§ **Description of the task**:
Look below for the line containing "静脉血栓栓塞症VTE的形成和诊断动画演示", then write out that line and every line after it to the end, exactly, minus the pictures.

[Data below — start]

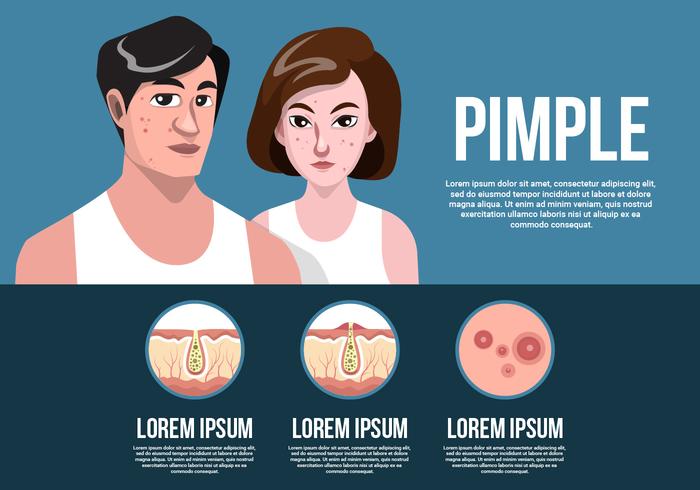 Mujer y hombre con espinillas en la cara Ilustración vectorial vector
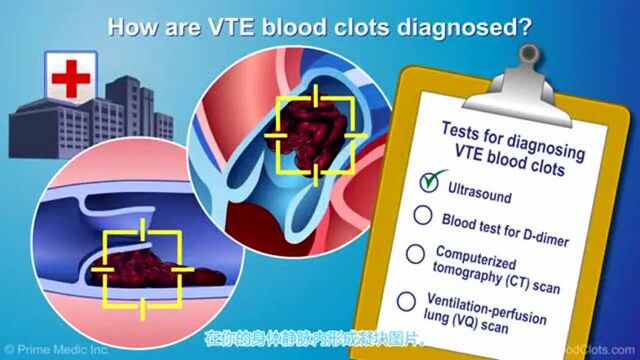 静脉血栓栓塞症VTE的形成和诊断动画演示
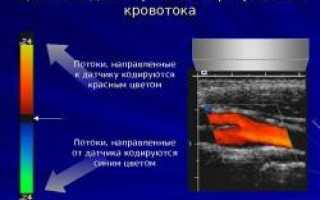 Виден ли фиброз печени на узи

[Data below — finish]

§ **Exercise solution**:
 静脉血栓栓塞症VTE的形成和诊断动画演示
 Виден ли фиброз печени на узи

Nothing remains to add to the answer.